O: Je zou kunnen zeggen dat de eerste fase van mijn
werk, het werk was van een jong meisje dat in opstand kwam tegen de
maatschappij. Maar stilaan werd dit gestructureerd en vormgegeven. Ik denk dat
het tegenwoordig erg doordacht-uitgewerkt is. Helemaal niet meer impulsief –
het is berekend en tegelijk diepdoordacht.





HVC: Je schreef ook het manifest ‘L’Art charnel’ (De vleselijke kunst).

O: Ja, je kan het lezen op mijn website. Het is
tegelijkertijd een beslissing en het eenvoudige feit een beslissing te formuleren,
wat je voor jezelf doet – maar natuurlijk ook omdat je het wil communiceren.

HVC: Zijn de chirurgische operaties als kunstvorm er
dan niet toevallig gekomen?


O: Ach nee, dat zat toch wel enigszins anders in elkaar.
Ik onderging wel een chirurgische operatie tijdens een symposium over performances
dat ik in Lyon had georganiseerd en – met mijn zieke lichaam – had ik even de
tijd om de situatie om te keren en er een esthetisch fenomeen van te maken. Ik
wou van het leven een esthetisch fenomeen maken dat je kon recupereren.
Het is pas later, heel veel later – nadat ik een boek
had gelezen van psychoanaliste Eugénie Lemoine Luccelione, getiteld “La Robe” (De jurk), waarin een substantieel
hoofdstuk was gewijd aan mijn eigen werk – , dat ik op de gedachte ben gekomen
om geënsceneerde chirurgische operaties te laten uitvoeren. 
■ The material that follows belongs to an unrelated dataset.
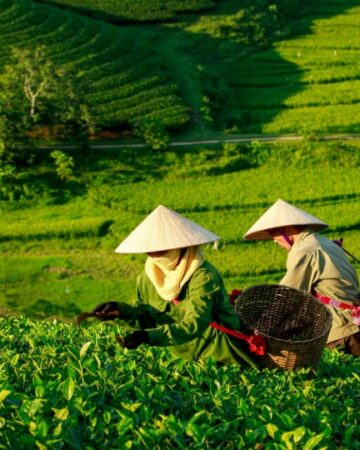 Ancient Tea Odyssey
HVC: Vertel eens iets over je andere werken – over
jouw ‘bio-kunst’ bijvoorbeeld?


O: Ik
heb me altijd erg geïnteresseerd voor de biotechnologie. Ik heb immers een tekst
geschreven met als titel: “Le corps, matériau parmi les matériaux” (Het lichaam, een materiaal tussen de
materialen
) en ik denk dat werken met cellen of zelfs met mijn eigen cellen
je dichter bij het materiaal brengt.
Ik werd dan uitgenodigd door de groep
SymbioticA. Dat zijn kunstenaars die over een laboratorium van biologie en
anatomie beschikken aan de University of Western
Australia. Ik heb er geleerd cellen
te ontwikkelen en ik creëerde een installatie met een grote videoprojectie en een bioreactor. Gewoonlijk zijn bioreactors in
laboratoria toestellen zoals een koelkast bijvoorbeeld, zonder enige esthetiek.
Ik daarentegen ontwierp een transparante bioreactor en aangezien het voedsel
van de cellen een rode vloeistof is, was dit erg mooi om te zien en maakte het helemaal
deel uit van de installatie.
Als visuele kunstenares ging ik een
onvoorstelbare weddenschap aan, want wij mensen, zien in feite niets omdat we
de cellen niet kunnen waarnemen. De hele installatie probeert het publiek te
doen begrijpen wat er zich precies afspeelt in de bioreactors.







HVC: Is dit een work in process?

O: Ja, ik heb het al getoond in Perth, in
Liverpool en in het Casino van Luxemburg: het gaat om een continu proces.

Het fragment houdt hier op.